= Beginning of Section =

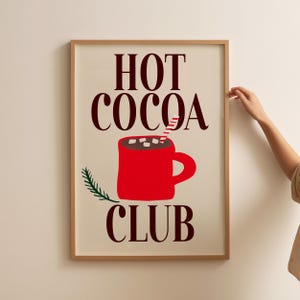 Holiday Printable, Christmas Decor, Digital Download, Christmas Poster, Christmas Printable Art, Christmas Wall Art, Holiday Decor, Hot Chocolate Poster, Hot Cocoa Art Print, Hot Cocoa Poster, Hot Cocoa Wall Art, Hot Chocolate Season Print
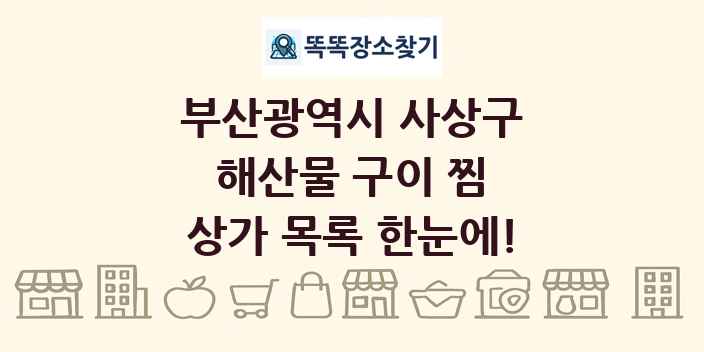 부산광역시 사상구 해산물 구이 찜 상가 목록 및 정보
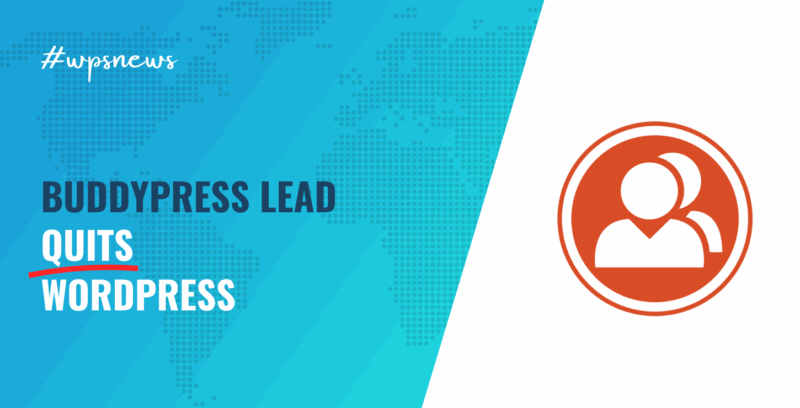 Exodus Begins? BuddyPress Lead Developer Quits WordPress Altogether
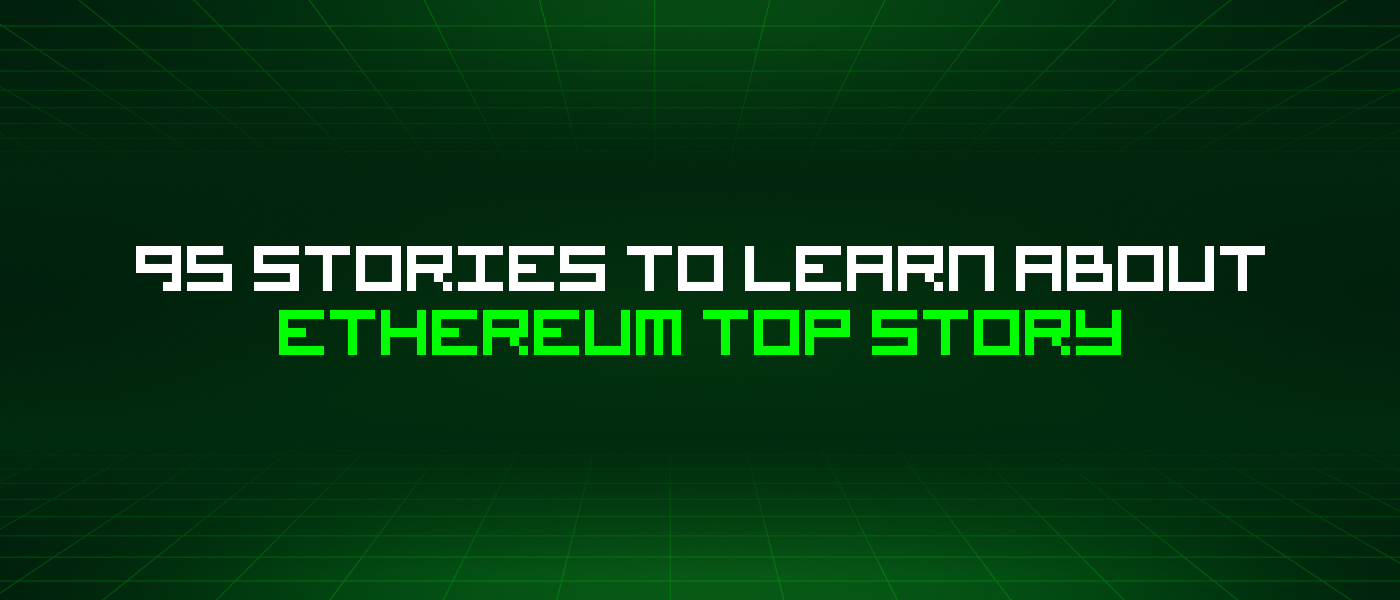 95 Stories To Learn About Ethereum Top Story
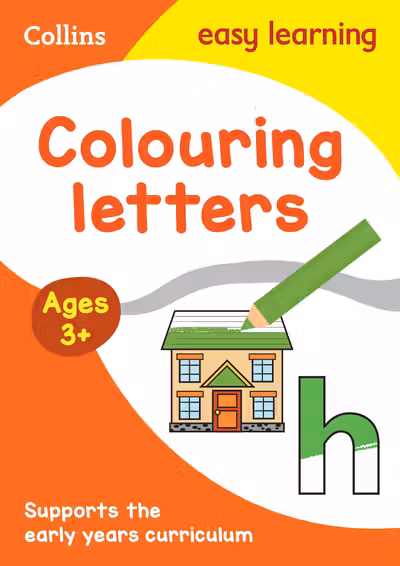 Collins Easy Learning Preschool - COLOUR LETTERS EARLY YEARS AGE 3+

= End of Section =
= Beginning of Section =

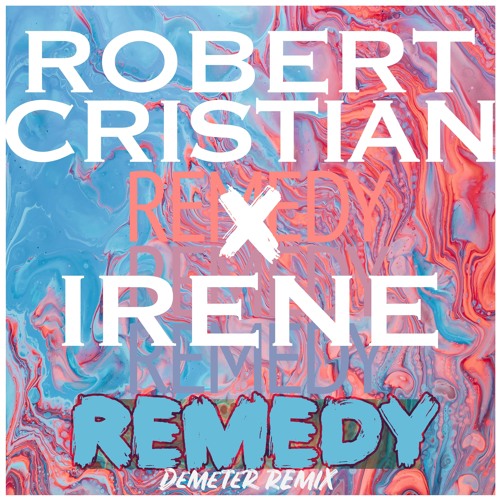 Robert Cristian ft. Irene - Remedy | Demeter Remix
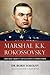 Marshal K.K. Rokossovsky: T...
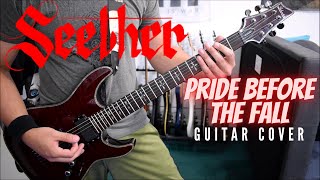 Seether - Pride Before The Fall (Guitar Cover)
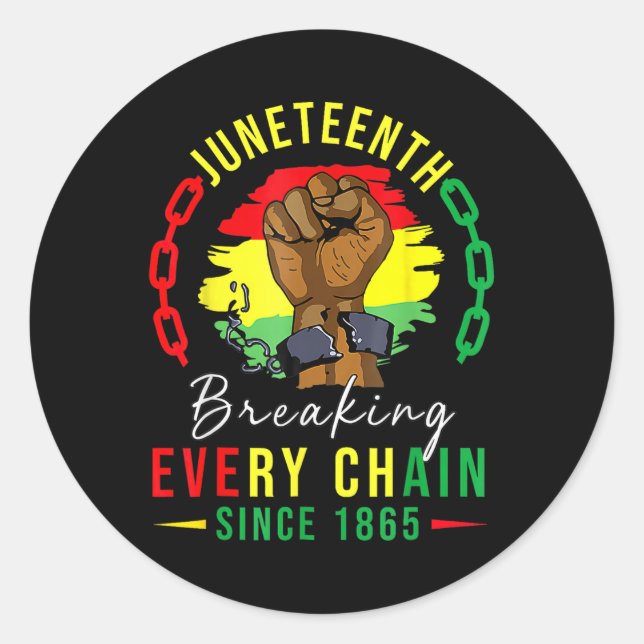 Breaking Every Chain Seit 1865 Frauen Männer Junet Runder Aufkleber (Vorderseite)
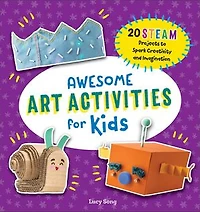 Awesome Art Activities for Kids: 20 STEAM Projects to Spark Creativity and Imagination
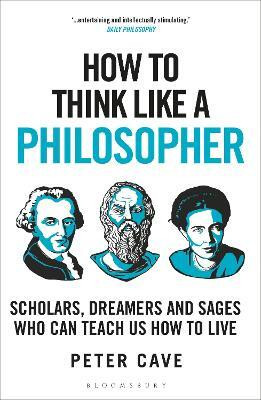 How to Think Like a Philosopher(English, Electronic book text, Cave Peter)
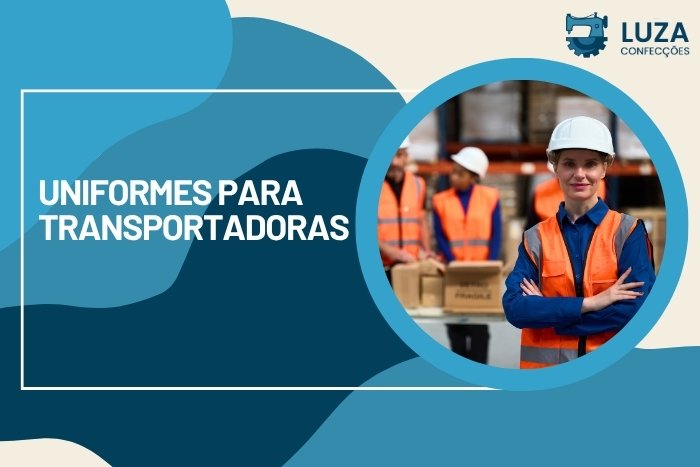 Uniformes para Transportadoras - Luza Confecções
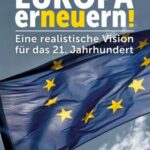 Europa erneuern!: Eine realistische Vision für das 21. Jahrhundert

= End of Section =
= Beginning of Section =

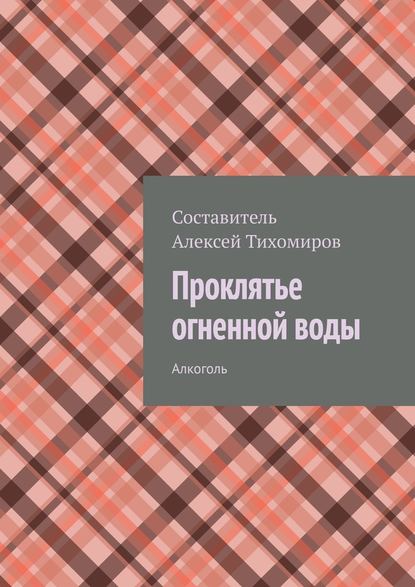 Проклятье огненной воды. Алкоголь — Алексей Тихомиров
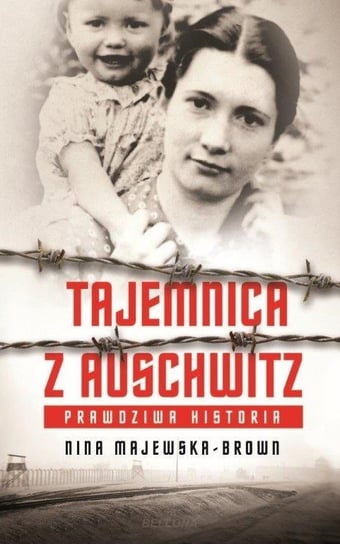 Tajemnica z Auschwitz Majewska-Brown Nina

= End of Section =

* **Required action**
The reply should hold the entries above from the line with "Holiday Printable, Christmas" to the line with "부산광역시 사상구 해산물 구이 찜 상가 목록 및 정보", duplicated exactly, pictures excluded.

* **Completed exercise**
 Holiday Printable, Christmas Decor, Digital Download, Christmas Poster, Christmas Printable Art, Christmas Wall Art, Holiday Decor, Hot Chocolate Poster, Hot Cocoa Art Print, Hot Cocoa Poster, Hot Cocoa Wall Art, Hot Chocolate Season Print
 부산광역시 사상구 해산물 구이 찜 상가 목록 및 정보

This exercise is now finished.